How to do UTF-8

Here's a summary of the discussion so far, with my tentative conclusions:

** Need for UTF-8 in the privacy mark **

The privacy mark is free text that may be shown to a human, and the human
may need to make a decision based on the text shown. Thus, the text must be
in a charset that is understanable by the human. The previous specification
had this as a PrintableString because that's what's in X.411.

** Using UTF-8 **

The IETF has decided to go with UTF-8, where possible, as its charset of
choice in things that will get shown to human users. See
<http://www.imc.org/rfc2277> for more information on this. See
<http://www.imc.org/rfc2279> for a description of how to do UTF-8.

** How to specifiy UTF-8 in 1988 ASN.1 **

Things got a bit hairier here. Three proposals had general approval:

(1) Use an OCTET STRING that has a comment saying that it has to be filled
with a UTF-8 string
(2) Use "[0] IMPLICIT UTF8String", and people whose compilers don't know
what a UTF8String is can change this to "[0] IMPLICIT OCTET STRING" and
still have the same bits on the wire
(3) Define UTF8String at the beginning of the module as "UTF8String ::=
[UNIVERSAL 12] IMPLICIT OCTET STRING" and then just use UTF8String in the
code (with no IMPLICIT)

I have chosen to go with (3) because it is the cleanest, and the ASN.1
compilers already must be able to do something like this because they have
to be able to do it for BMPString. Although this violates the ASN.1
standard, it is quite easy to implement.

The reason I want to get away from (1), which I put in the current version,
is that people tend not to read comments, and might stuff the OCTET STREAM
with, well, octets, and not UTF8 characters. There is nothing in that
construct that would help a good compiler do UTF-8 checking.
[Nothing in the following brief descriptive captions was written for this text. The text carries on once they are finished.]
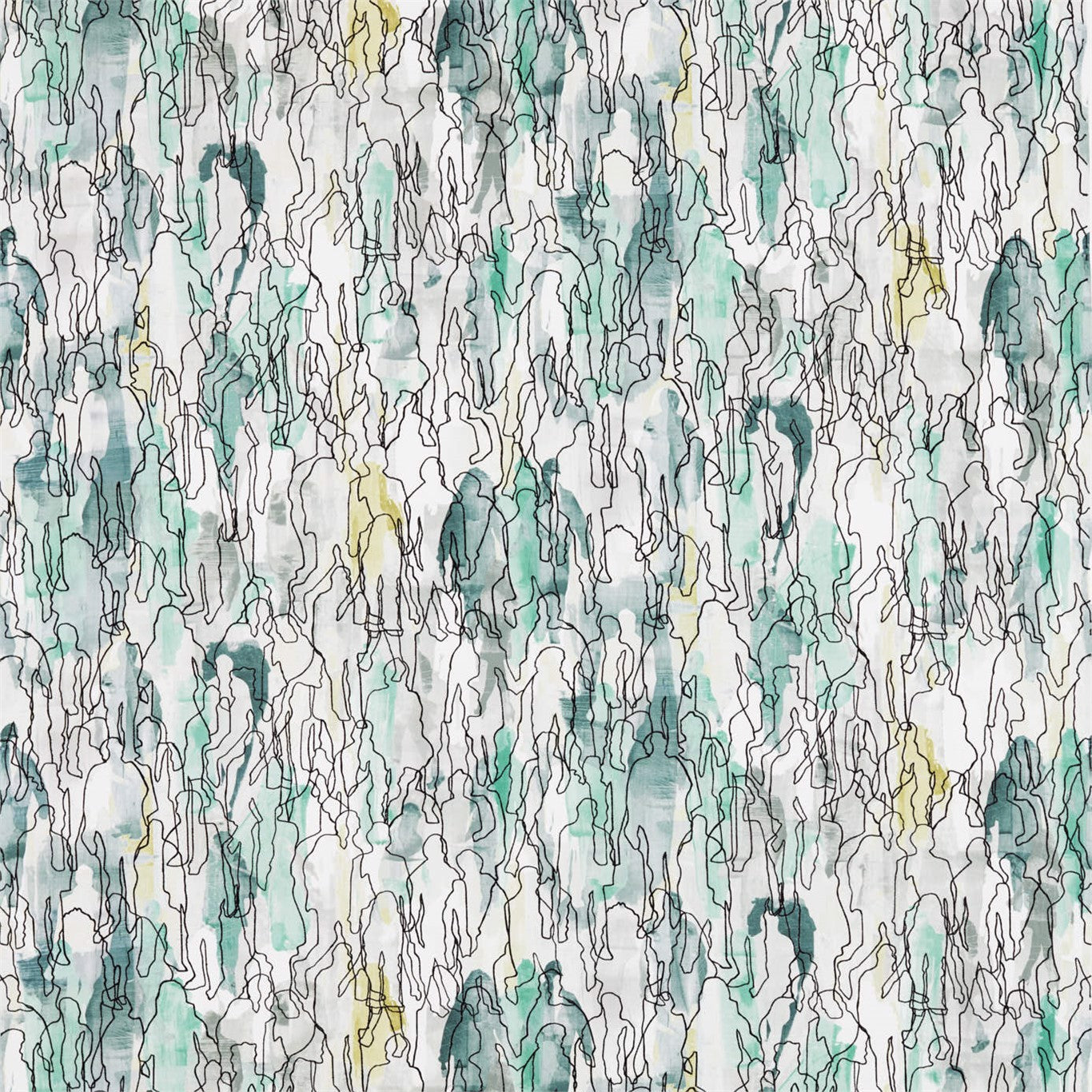 Multitude Emerald/Sepia Fabric By Harlequin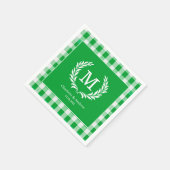 Green Gingham Monogram Crest Custom Servet (Hoek)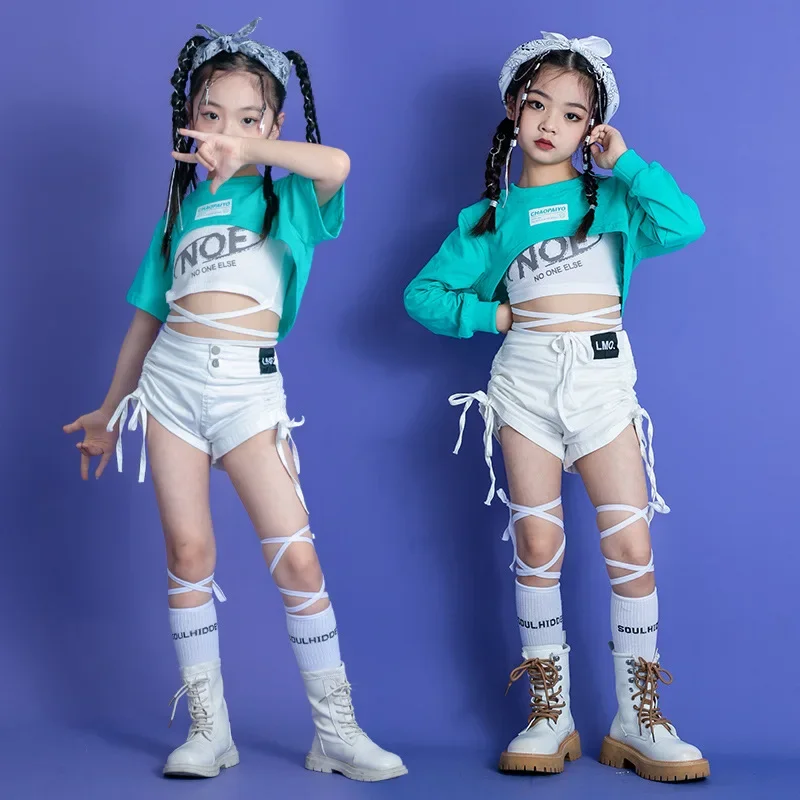 Girls Hip Hop Crop Top Hot Pants Cool Outfits Child Streetwear Sweatshirt Street Dance Shorts Kids Jazz Costumes Clothes Sets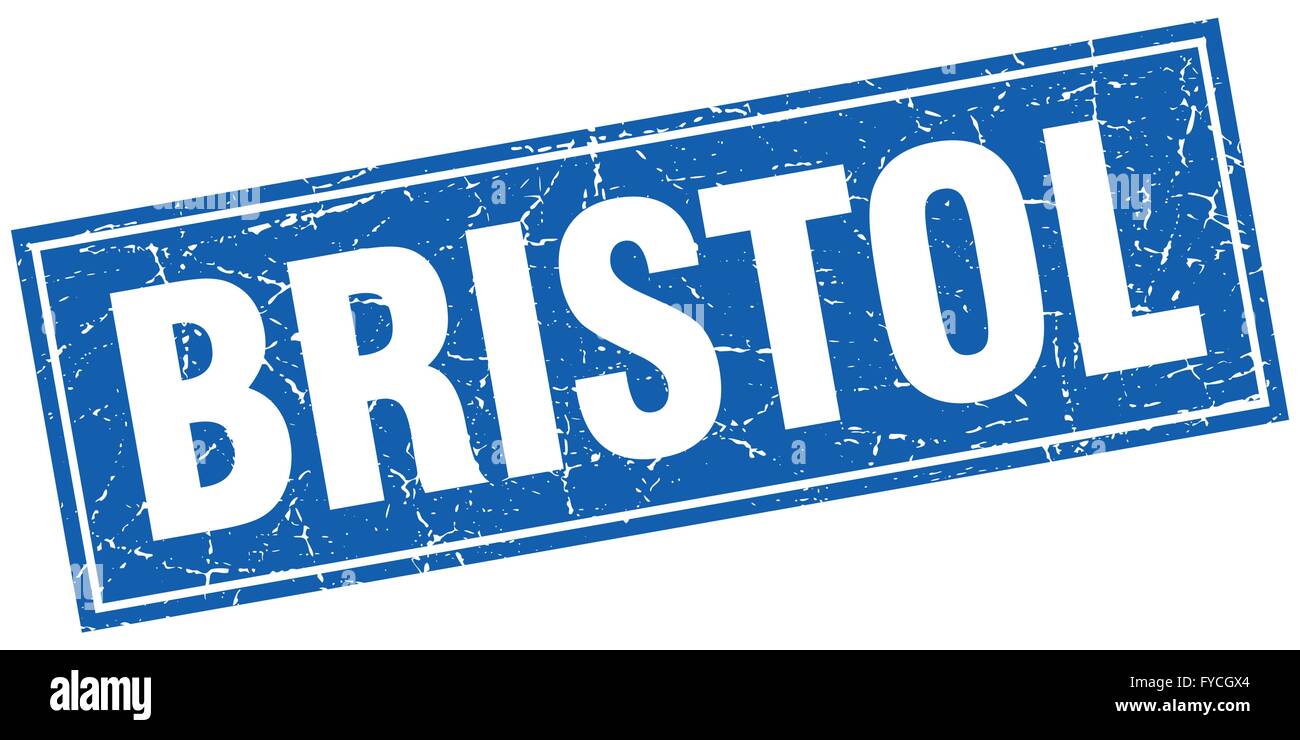 Bristol blue square grunge vintage isolated stamp Stock Vector Image ...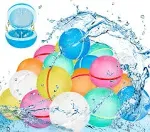 24 PCS Reusable Water Balloons Biodegradable Soft Silicone Quick Fill Summer Fun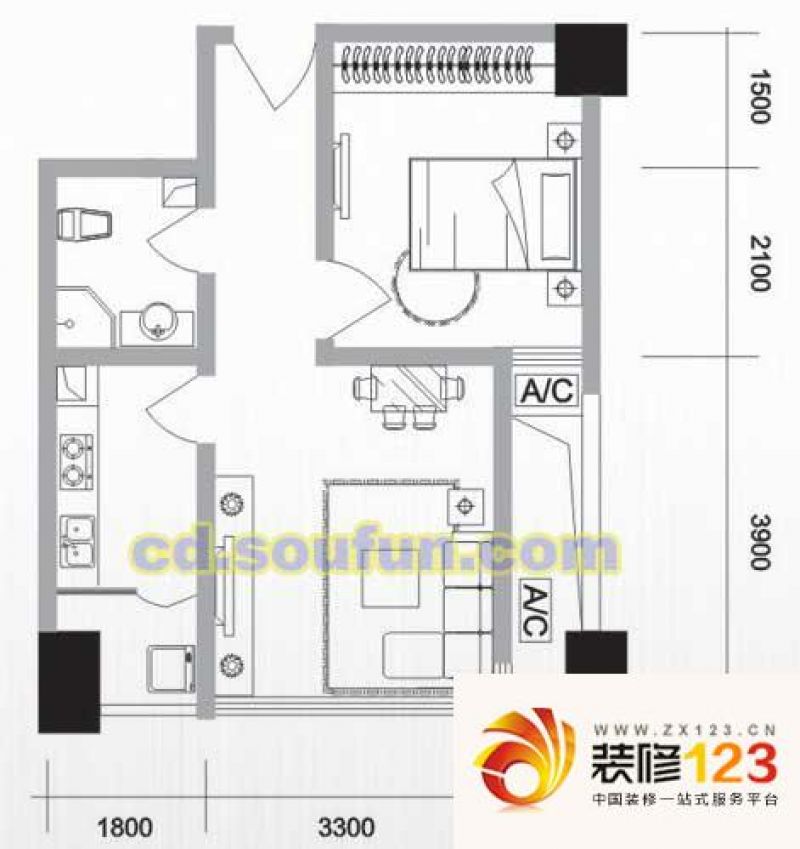 熙城国际户型图b2型 1室1厅1卫1 .
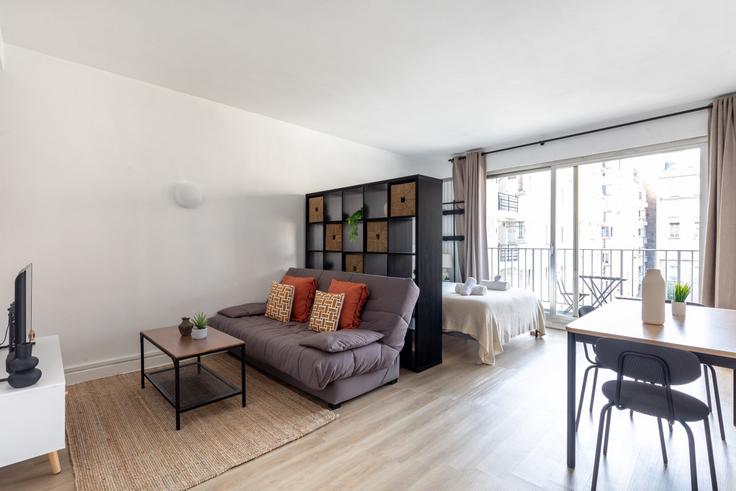 Elegantly designed living room with modern furnishings in an apartment at Building Rue Félicien David - the-flex-paris - 1388294 in 16th arrondissement, Paris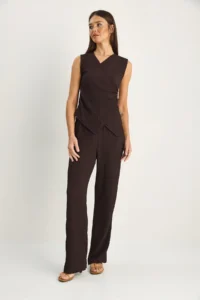 Bianco Lucci Women's Double Breasted Collar Draped Accessory Detailed Blouse Elastic Waist Trousers Wrap Suit 2334 - Image 3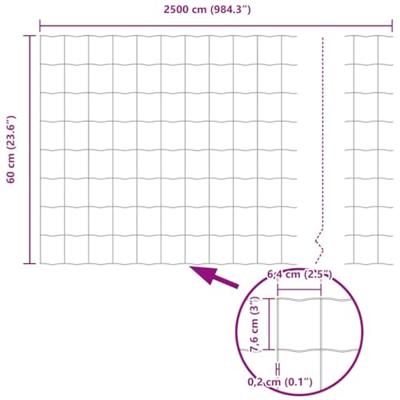 VidaXL Euro hek groen 0,6 x 25 m pvc-gecoat ijzer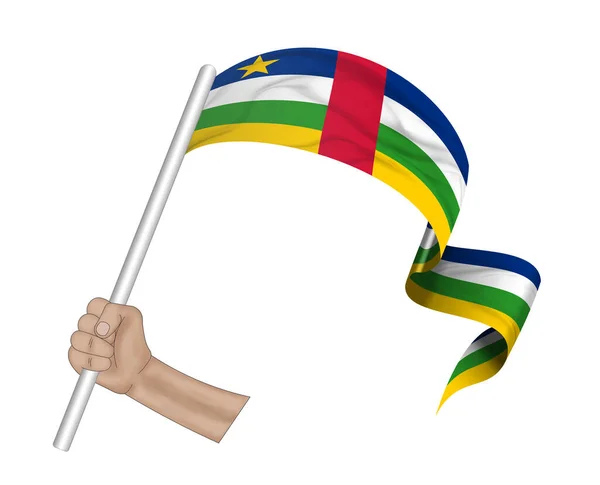 Illustration Hand Hält Flagge Der Zentralafrikanischen Republik Auf Einem Stoffband — Stockfoto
In choosing between (2) and (3), I figured that only a few compilers even
know how to do UTF8String today (it's in the 1997 spec, not even the 1994
spec), and those that do can simply comment out the definition line (which
purists would happily want to do anyways). Further, the changes needed for
the few people who do have 1997 compilers are far easier than the changes
needed for the rest of us using method (2). And, again, once we made the
change in (2), someone later reading the code would not know that this had
to be a UTF-8 string.

** Length limiting **

People like to have lengths specified for strings so they can tell how much
memory to allocate for buffers. However, accurately figuring out the memory
use for a UTF-8 string of some number of characters is impossible since the
number of bytes per character changes. The current privacy mark string is
limited to 128 characters, but it easy to imagine privacy marks that could
legitimately be longer than this. Thus, I'm choosing not to put a size
limit on the UTF8String.

** Language tagging **

Ned Freed pointed out that current direction we're supposed to be pursuing
is language tags embedded in UTF-8. However, the draft for that
functionality has just been proposed this week in the IETF, and is unlikely
to be finalized before S/MIME. I believe strongly in language tagging, and
want to get people in the habit of doing it from the start. Thus, I'm going
to use an optional laguage tag with a comment that says if you have
embedded the language tag in the UTF8String, do not include the language
tag. This lets us have language tags now, and lets people move to embedded
language tags when that spec is final.

** And what I propose is **

-- At the beginning of the module
UTF8String ::= [UNIVERSAL 12] IMPLICIT OCTET STRING

-- Then
ESSPrivacyMark ::= CHOICE {
    pString      PrintableString (SIZE (1..ub-privacy-mark-length)),
    freeText     ESSFreeText
}

ESSFreeText ::= SEQUENCE {
    languageTag  PrintableString OPTIONAL,
    text         UTF8String
    --languageTag is an language tag defined in [RFC1766]; it SHOULD NOT
    --   be used if the text string has an implicit UTF-8 language tag
}


--Paul Hoffman, Director
--Internet Mail Consortium